Mack’s suspension comes in the aftermath of one of the more surprising plot twists in college basketball from the spring: an extortion attempt against Mack by former Louisville assistant Dino Gaudio. Gaudio threatened to go to the media and expose wrongdoing in Louisville’s program after Mack informed Gaudio he was firing him. Unbeknownst to Gaudio, Mack was recording their conversation, which enabled extortion charges to be levied.
“The university concluded that while Mack was a victim of an extortion attempt by former assistant coach Dino Gaudio, Mack failed to follow university guidelines, policies, and procedures in handling the matter,” the school said in its statement. “The sanctions imposed upon Coach Mack are unrelated to the extortion attempt itself and the ongoing NCAA process.”

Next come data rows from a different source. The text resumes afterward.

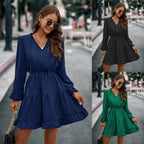 Damen kurzes Kleid mit lässigem Schnitt und Volantdetails R&B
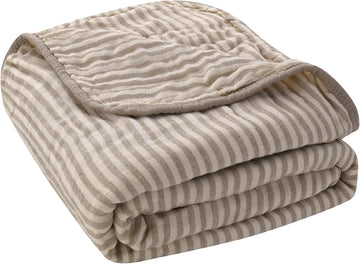 Ultra Soft Muslin Baby Blanket, Organic Cotton Blend (Cacao Stripe)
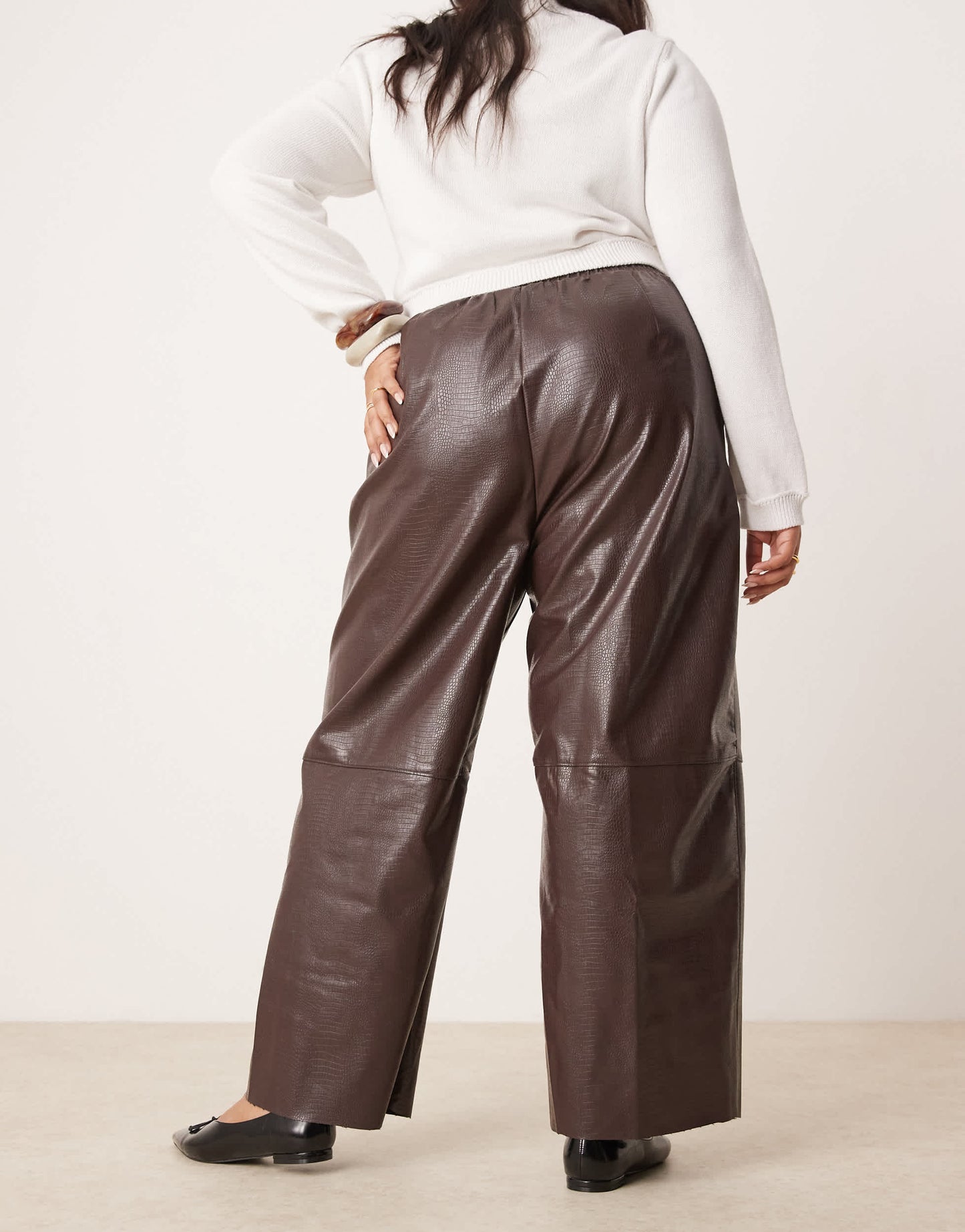 ASOS DESIGN Curve faux leather pull on barrel trousers in chocolate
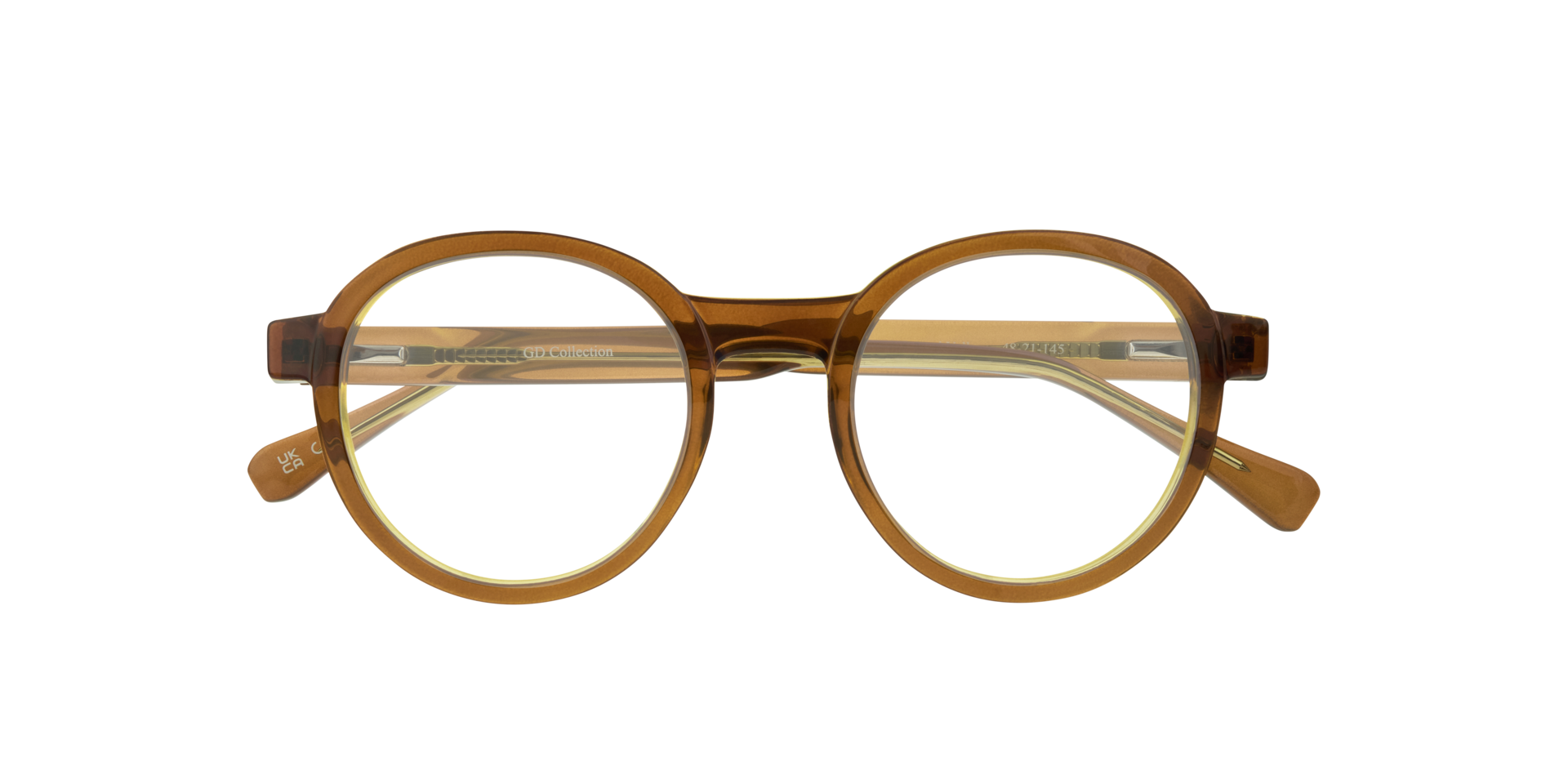 Joby Crystal Brown & Crystal Yellow PlasticEyeglass Frames for Glasses Direct, Closed View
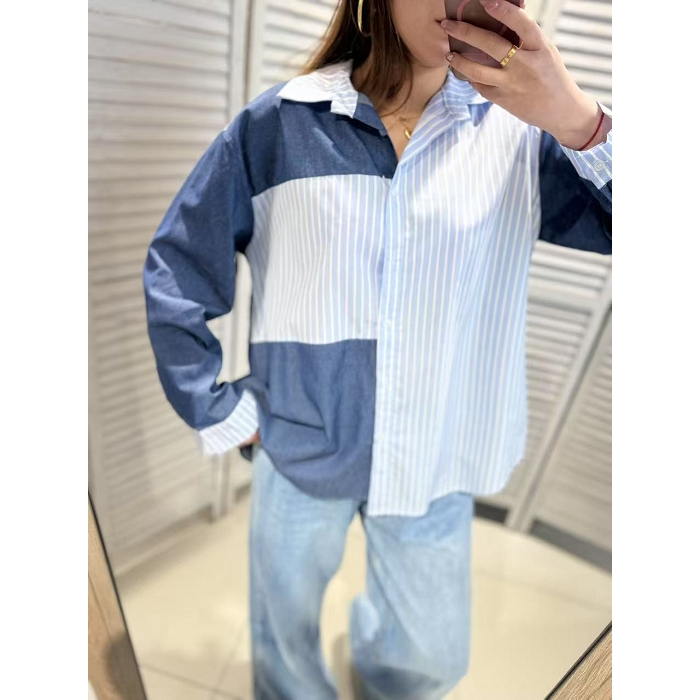 Scarpy creation my chemise bicolors yl bleu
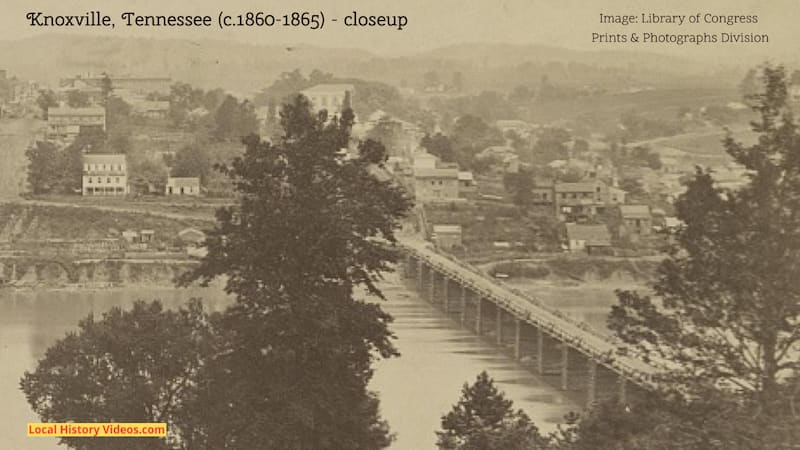 Closeup of an old photo of Knoxville Tennessee in the 1860s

On Friday, Sports Illustrated published a transcript of Mack and Gaudio’s meeting that peels back on Gaudio’s demands, asking to be paid until September of 2022, so he can earn money until he decides to retire. Mack tells Gaudio he will pay him out of his own pocket if that helps.
Mack’s handling of Gaudio and that situation violated university guidelines, according to the school, though all specific rules that were broken by Mack have not been disclosed. Louisville athletic director Vince Tyra met with the media on a teleconference Friday afternoon and said Mack violated university terms by not having a human resources employee present when he fired Gaudio and, prior to that, former assistant Luke Murray.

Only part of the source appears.